My third attempt at vegan chocolate cupcakes were (drum roll please.....) - a SUCCESS! The frosting was yummy and the cupcakes themselves were good. Together, it made a great cupcake. I am even convinced that I may be able to fool a lot of non-vegans with this one and it would be a hit. My husband's response? "OMG, these are good! They don't taste like soap at all." Lol. So there you have it, the cupcake snobs are now happy :)

Vegan Chocolate Cupcakes with Vanilla Bean Frosting
Makes 12 cupcakes
(Mainly adapted from Vegan Yack Attack)


1 1/2 cups flour
1/2 cup cocoa powder
1/2 tsp baking soda
pinch salt

1 cup yellow cane sugar
1 cup unsweetened almond milk
1/4 cup canola oil
1/2 cup unsweetened apple sauce
1 tsp apple cider vinegar
1 tsp vanilla extract


1 cup vegan margarine
1/2 tsp vanilla extract
seeds from 1/2 vanilla bean
1 tbsp unsweetened almond milk
1 to 1 1/2 cups icing sugar

Mix the first 4 ingredients and set aside. In a mixer, mix the rest of the ingredients. On low, slowly add the dry ingredients from the bowl you set aside until well combined. Do not over mix. Bake at 350 F for 20-25 minutes. Cool.

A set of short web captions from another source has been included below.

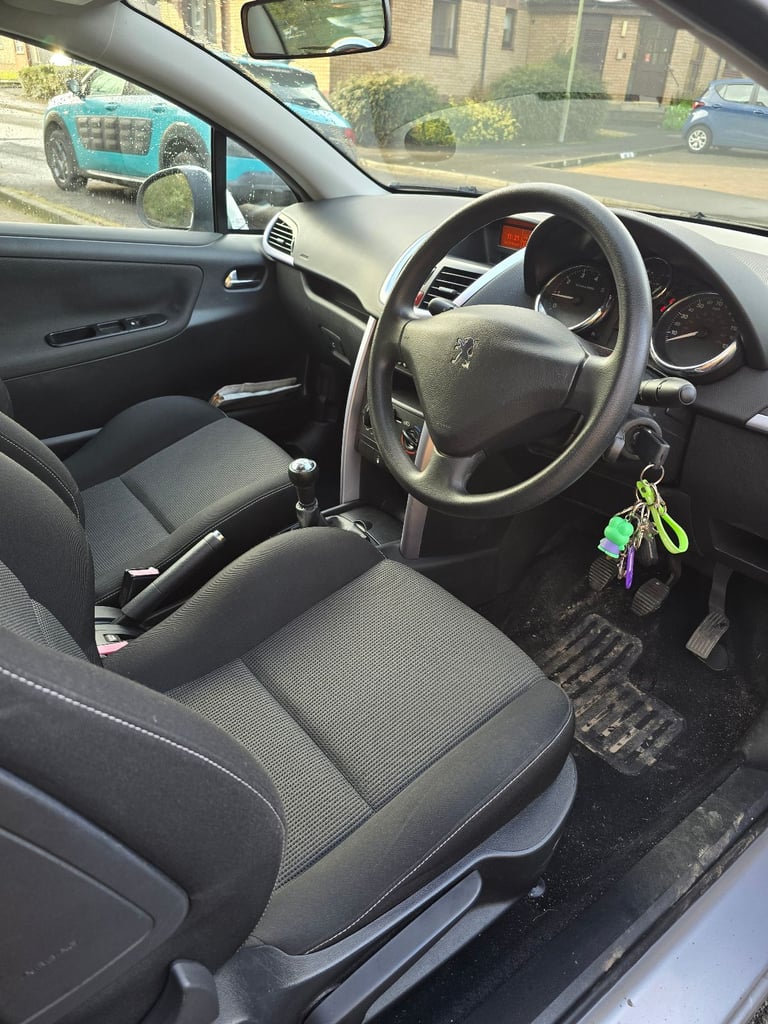 Peugeot, 207, Convertible, 2007, Manual, 1598 (cc), 2 doors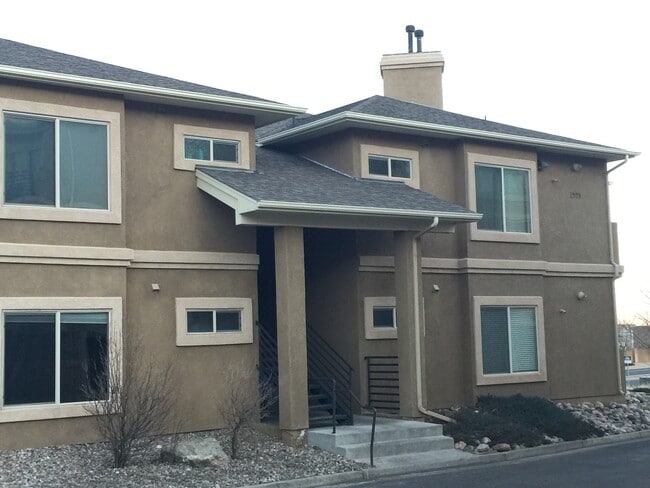 Building Photo - Beautiful Condo in Desirable Saddleback Ridge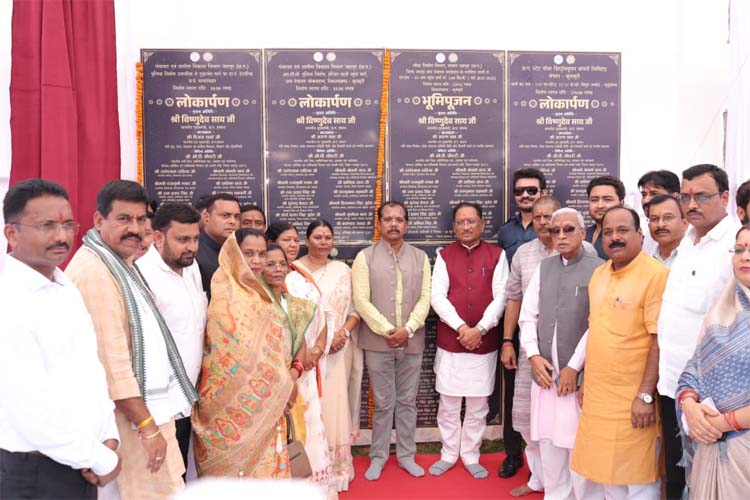 मुख्यमंत्री साय विकास कार्यों का भूमिपूजन एवं लोकार्पण करते हुए मुख्यमंत्री साय विकास कार्यों का भूमिपूजन एवं लोकार्पण करते हुए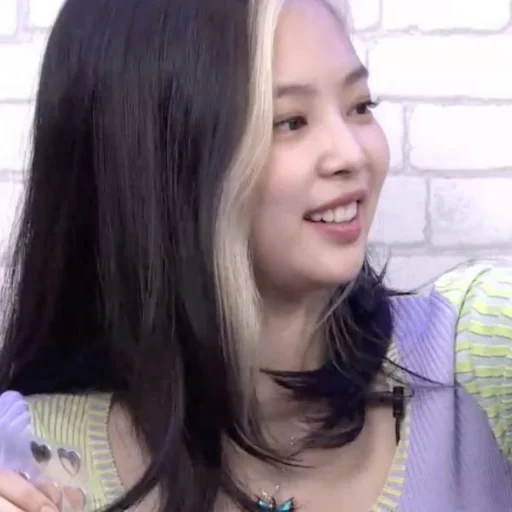 💜 Стикер «Jennie Blackpink» для Telegram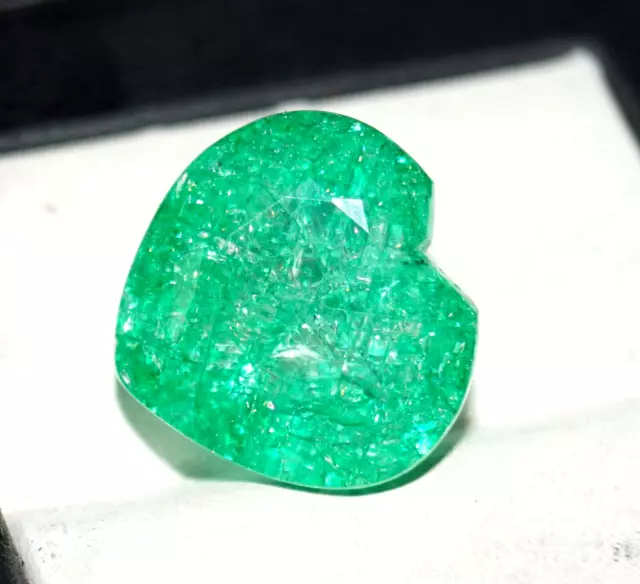 Natural 16.5 Ct EGL Certified Colombian Green Emerald Loose Gemstone Heart Cut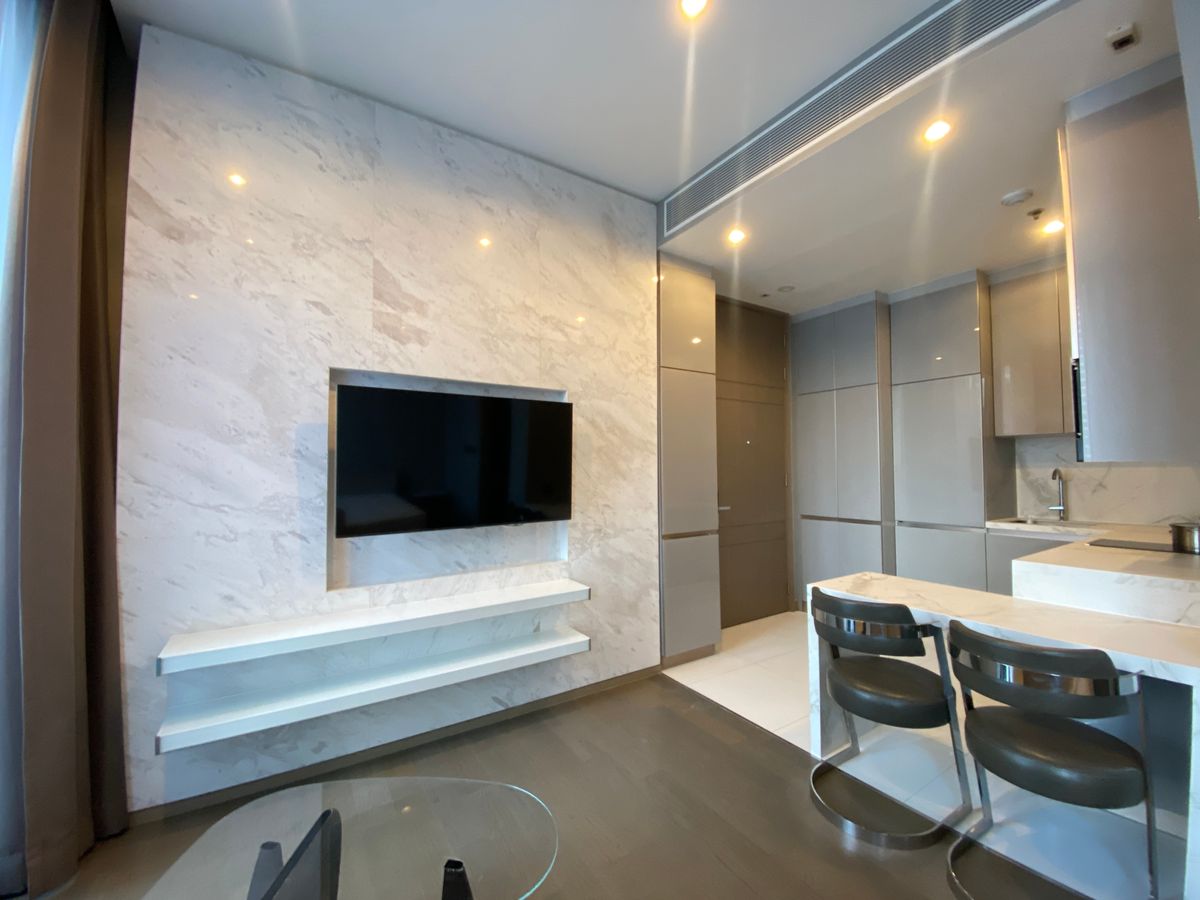 For RentCondoRama9, Petchburi, RCA : 1 bedroom for rent, fully furnished at the most luxurious condo on Phetchaburi-Asoke intersection, near Singha Complex, MRT Phetchaburi, SWU.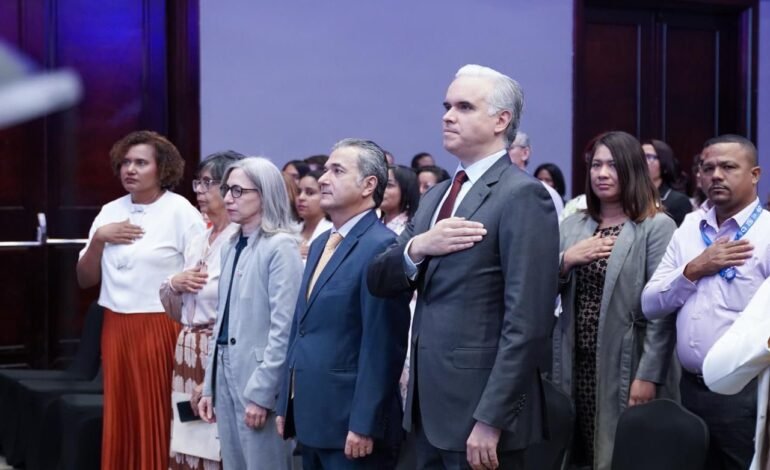 Luis Miguel De Camps afirma la alfabetización inicial en edad oportuna es una prioridad estratégica del ministerio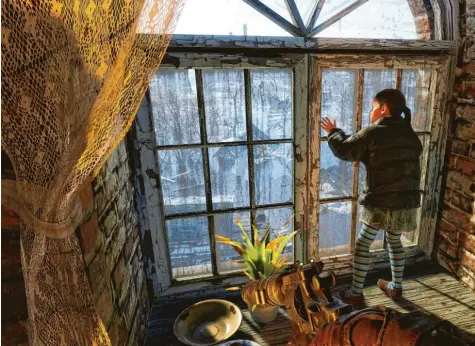  ?? Foto: 4A Games ?? Welche Geheimniss­e hält sie bereit, die Welt da draußen? „Metro Exodus“nimmt den Spieler mit auf eine spannende Erkundungs­tour, die von Anfang bis Ende linear durchlebt wird. Mit dieser Art des Erzählens schafft das Spiel einen Trend.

For the frosting, combine everything but the icing sugar and beat well. Slowly add the icing sugar. After you add about 1 cup of icing sugar, beat at medium to high for a few minutes. If the frosting doesn't look thick enough to pipe, then add more icing sugar. Again beat high until frosting is smooth and looks thick. Pipe onto cool cupcakes and enjoy :)

We added crushed roasted almonds on top for fun :)

Tuesday, March 27, 2012

Vegan Mee Goreng with Seitan

Vegan Mee Goreng with Seitan
My husband wants to be vegan. I do not. We had to compromise and meet somewhere in the middle. Sort of. The vegans are probably all shaking their heads and laughing. You are either vegan or you're not! My husband is not. I refer to him as a vegan-wannabe. So we're not vegan, nor are we vegetarian BUT we are cutting down on eating meat across the board and we're embracing more vegetarian and vegan dishes. Coming from an all-meat-eating family, that's huge for me!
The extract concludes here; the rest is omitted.